Stockholders have approved a merger between 2GO Group Inc. and its wholly owned subsidiary, Special Container and Value-Added Services Inc. (SCVASI), in an internal restructuring to streamline operations and reduce costs.

Stockholders who altogether own 2.41 billion shares or 97.86% of the company’s shares outstanding, approved the merger during the annual stockholders’ meeting on April 18, with 2GO as the surviving entity, the transport and logistics service provider said in a regulatory disclosure.

2GO’s directors also approved the merger on February 22, subject to determination of the final terms of the merger.

The merger will simplify the corporate structure and develop efficiencies and economies within the group, and for tax efficiencies and savings, 2GO said in the disclosure. It is, accordingly, also in line with 2GO’s efforts to streamline operations, reduce costs, and increase shareholder value.

The timetable for implementing the merger will be based on the regulatory approval by the Securities and Exchange Commission (SEC). The merger may be subject to the scrutiny of the Philippine Competition Commission, if applicable.

SCVASI offers a wide range of services, including in-land and domestic freight reefer transportation, liquid bulk transport in ISO tanks and flexi-tanks, repair and maintenance of ISO tanks and flexi-tanks, reefer van leasing and maintenance, crating and packaging, and cold storage.

The merged subsidiary is one of 2GO’s six business units that include 2GO Sea Solutions, 2GO Express, 2GO Forwarding, 2GO Logistics, and ScanAsia Overseas.

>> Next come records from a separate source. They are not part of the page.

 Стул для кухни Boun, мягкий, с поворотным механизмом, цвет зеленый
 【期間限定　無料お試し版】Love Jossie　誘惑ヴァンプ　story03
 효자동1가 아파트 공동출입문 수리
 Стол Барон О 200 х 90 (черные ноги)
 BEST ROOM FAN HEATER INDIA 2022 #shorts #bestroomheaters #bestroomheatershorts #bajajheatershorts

In the same meeting, stockholders also approved the voluntary delisting of 2GO from the main board of the Philippine Stock Exchange.

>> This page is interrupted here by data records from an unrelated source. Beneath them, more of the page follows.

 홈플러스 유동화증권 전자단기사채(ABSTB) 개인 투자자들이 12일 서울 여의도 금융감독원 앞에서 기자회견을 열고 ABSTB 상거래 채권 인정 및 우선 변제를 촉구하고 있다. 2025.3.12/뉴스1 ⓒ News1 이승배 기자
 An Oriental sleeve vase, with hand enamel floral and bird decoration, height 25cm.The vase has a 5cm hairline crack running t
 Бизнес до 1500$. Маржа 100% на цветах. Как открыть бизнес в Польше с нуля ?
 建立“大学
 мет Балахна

This is in line with parent SM Investments Corp.’s plan to offer a tender for as many as 378.817 million common shares of 2GO to take the group private.

SMIC earlier said its board, in a special meeting on March 6, approved setting the tender offer price at P14.64 per 2GO common share based on the fairness valuation report prepared by BPI Capital Corp., which the Philippine Stock Exchange Inc. authorized for the purpose.

BPI Capital was earlier approved as the independent third-party valuation provider and BDO Securities Corp. as the tender offer agent.

SMIC had said earlier that the 378.817 million shares made up 15.39% of the issued and outstanding common capital stock of 2GO.

The board also approved setting the tender offer period from March 15 to April 28, 2023, and the payment and settlement of the tendered shares from May 2 to 10, 2023.

In an earnings briefing on February 28, SMIC said as the majority shareholder, it was making the tender offer to take the logistics company private and provide the conglomerate with “greater exposure to the long-term growth and financial success of 2GO.”

SMIC raised its stake in the logistics service provider to 52.85% in June 2021 and made it a subsidiary.

The group delivered net income of P312 million in 2022, a turnaround from net loss of P1.14 billion in 2021 and its first annual profit since 2017.